My husband the sculptor claims to know I’m happy when I ask him a deep, unanswerable question at bedtime. He’ll move around the bedroom and bathroom, methodically performing his evening ablutions, putting away his glasses, taking out from his armoire another pair of plaster-encrusted jeans (sculpting is construction work for geniuses). Just as he’s sliding into bed beside me, I’ll turn troubled eyes on him. “How does anyone ultimately know God?”
“Uh oh, you must be happy,” he says. He sinks down into the bed and closes his eyes. Usually that’s when I lean over and put my nose next to his. I’m the persistent sort, not easily distracted.
“But really, what’s the nature of sensory apparatus for the divine?” I’ll say. Or something of that nature, eliciting a groan and sometimes also a kiss. My husband is a calm, earthy man who works with his hands putting clay on an armature, with his head in considering morphology and psychology, and with his heart in his love for truth and beauty in the human body. He doesn’t spend a lot of time pondering the ineluctable.
But novelists do. And lately I’ve been thinking about free will and fate, and their intertwinings in the individual life. The life I have been ruminating on is my daughter’s.
She was not accepted at her top college choice. She was waitlisted at her second choice, and she received two other waitlists at schools that were high up on her list.
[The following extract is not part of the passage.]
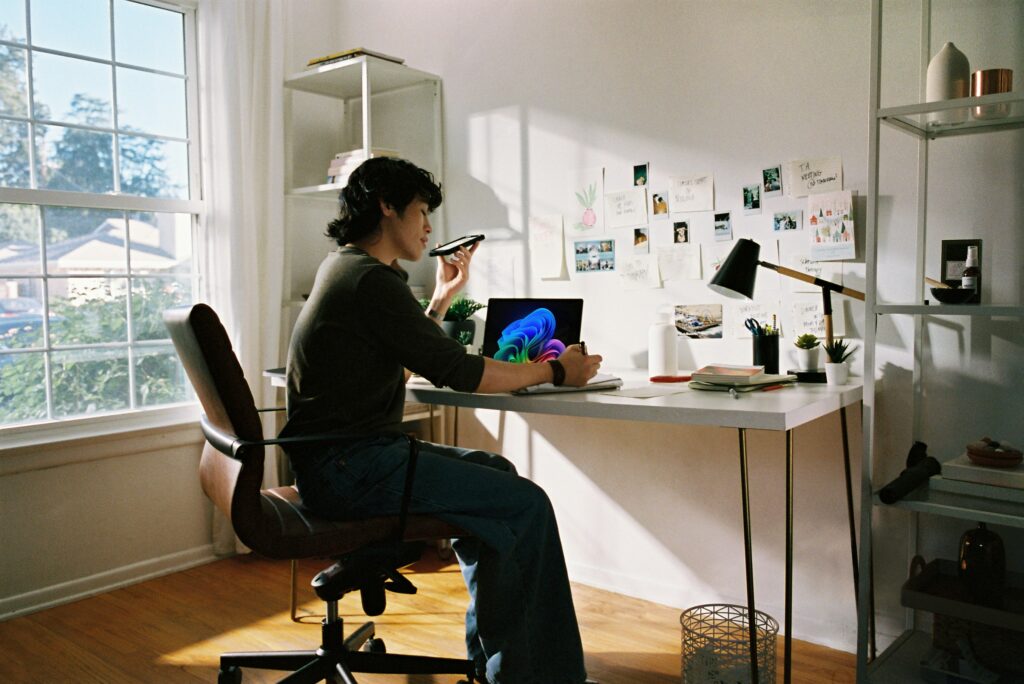Someone relieved and happy at their laptop after publishing their first blog post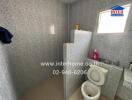 Spacious bathroom with modern tiles and essential fixtures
She was accepted at three great schools, and she’s weighing her options.
She has had many accomplishments on several fronts, and she had a bright outlook for her college options at the end of her junior year. That changed with her first semester senior year grades, which were not as stellar as they always have been in the past. Now, 3rd quarter senior year, her grades are back up. Clearly it was not a matter of ability. Something else was going on.
So what was going on? A temporary brain glitch, brought on by the intense stresses of the college process, about which so much was written this year? Trauma and shock at what she experienced and witnessed in an impoverished foreign city, when she went on a medical mission with a charity? Self-sabotage? Or did she simply not want to attend the family alma mater? Was she trying to separate herself out from the family DNA, and this is the only way she knew how: shoot herself in the foot so she had an out? I keep thinking of Nicolas Cage and Cher in Moonstruck, when she tells him that he was a wolf who chewed his own paw off to escape the trap of an ill-considered marriage. Isn’t it a shame he couldn’t get out without the suffering and pain of the loss of his hand?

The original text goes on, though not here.